When the federal EV tax credit expired on September 30, the Honda Prologue didn’t just lose an incentive. A model that had genuinely surprised the American market at its 2024 launch, moving units at a pace few expected from Honda’s first serious EV attempt, suddenly found itself in a very awkward position. Same car, same specs, $7,500 more expensive in the only way that actually matters to buyers writing the check.
The numbers tell the story plainly. In Q1 2026, Prologue sales dropped over 65% year-over-year, landing at a rather humbling 1,588 units. That’s a market delivering a very clear message in the only language automakers truly understand.

The 2026 Prologue lineup now starts at $39,900, a clean $7,500 reduction applied across every trim, from base to fully loaded. Call it a coincidence if you want, but the math is suspiciously precise. The entry-level EX, which would have set buyers back $47,400 on a 2025 model, now opens the conversation at a price that’s competitive with practically everything in its segment. Single motor, front-wheel drive, 308 miles of EPA-estimated range.
At the top of the range, the Elite trim comes in at $50,400. Yes, the EPA range dips to 283 miles, but you do get leather seats, a panoramic sunroof, a Bose audio system, a power liftgate, and heated and power-folding mirrors to soften the blow.

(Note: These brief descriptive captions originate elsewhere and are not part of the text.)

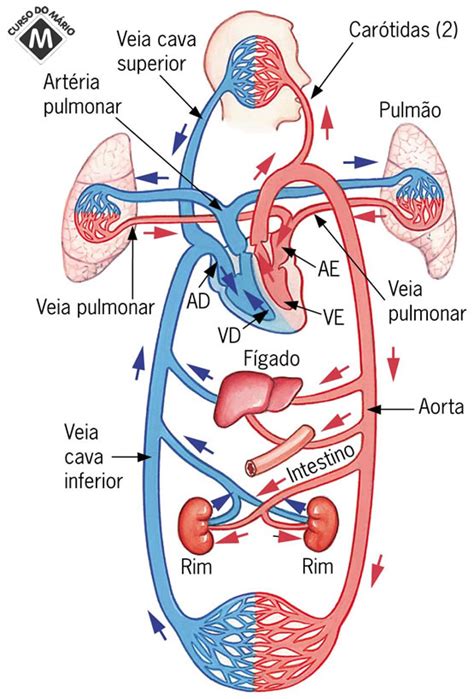 Sistema circulatorio humano   Imagui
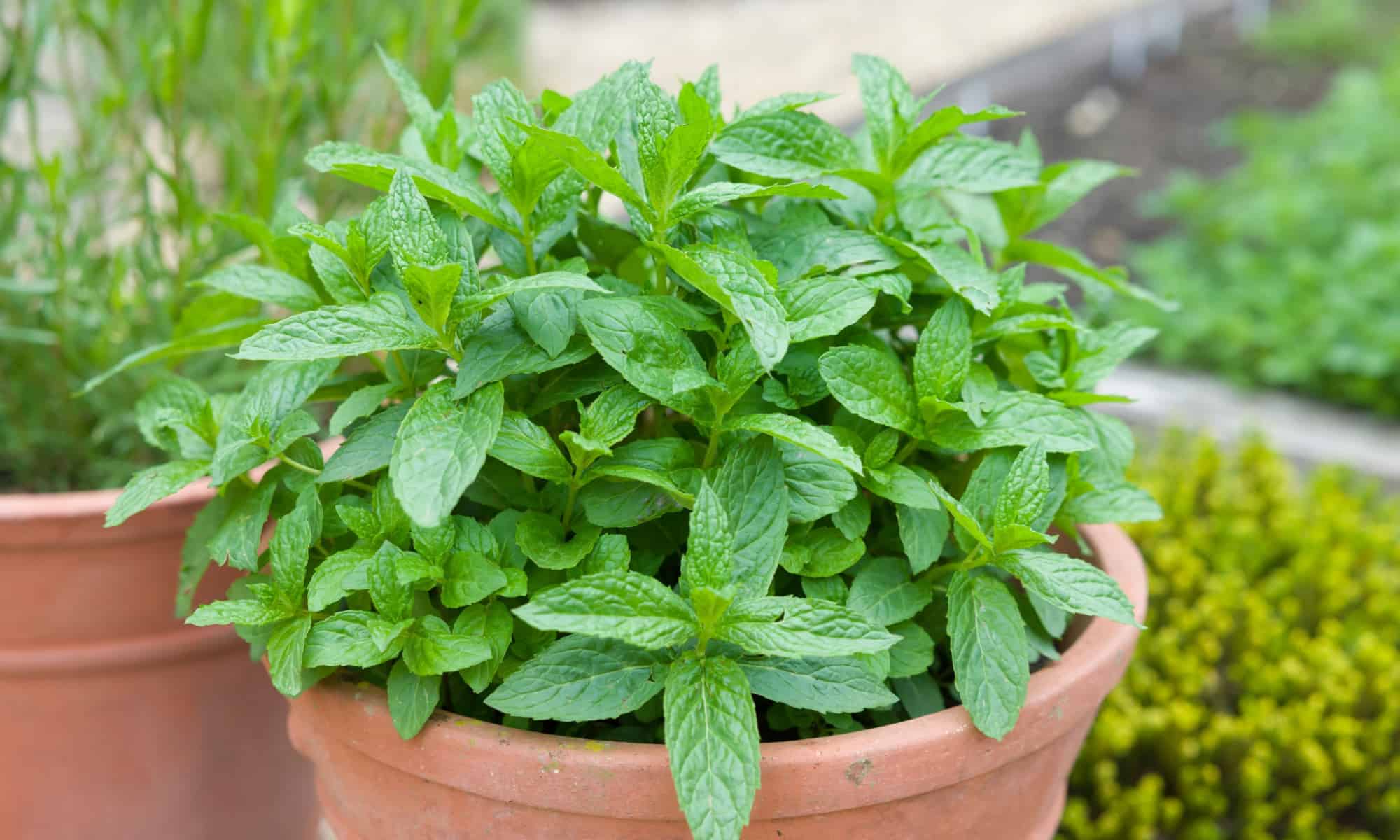 Mint jelly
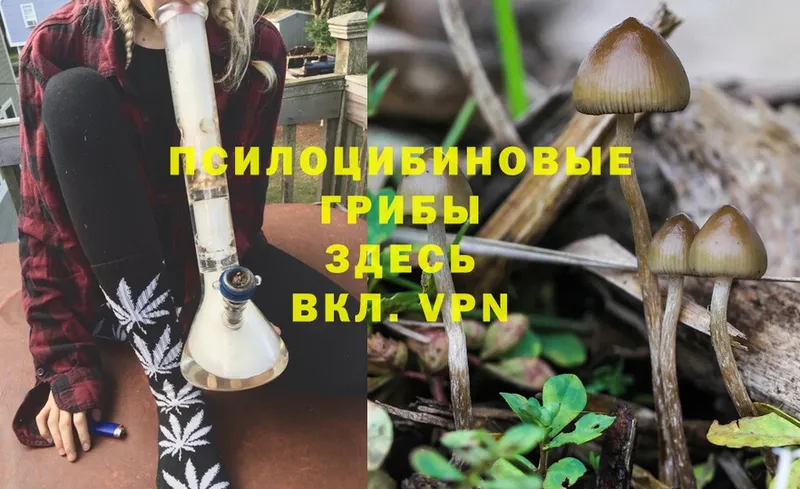 купить наркотики цена  Гаврилов-Ям  Псилоцибиновые грибы Magic Shrooms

With the price correction in place, the Prologue now lines up directly against the Hyundai Ioniq 5 SEL ($39,800), the Tesla Model Y ($39,900), the Toyota bZ Limited ($43,300), and the Volvo EX30 ($40,345).
Honda’s official line, delivered with the expected diplomatic poise, frames the move as an effort to “align pricing with customer needs, market conditions, and long-term strategic objectives”. What Honda has effectively done is absorb the tax credit’s disappearance directly into the sticker price, a move that keeps the Prologue in the conversation without waiting for Washington to sort itself out. Whether that’s generosity, pragmatism, or just good math is a matter of perspective. The result, however, is an EV that now competes on equal footing in one of the most crowded segments on the market.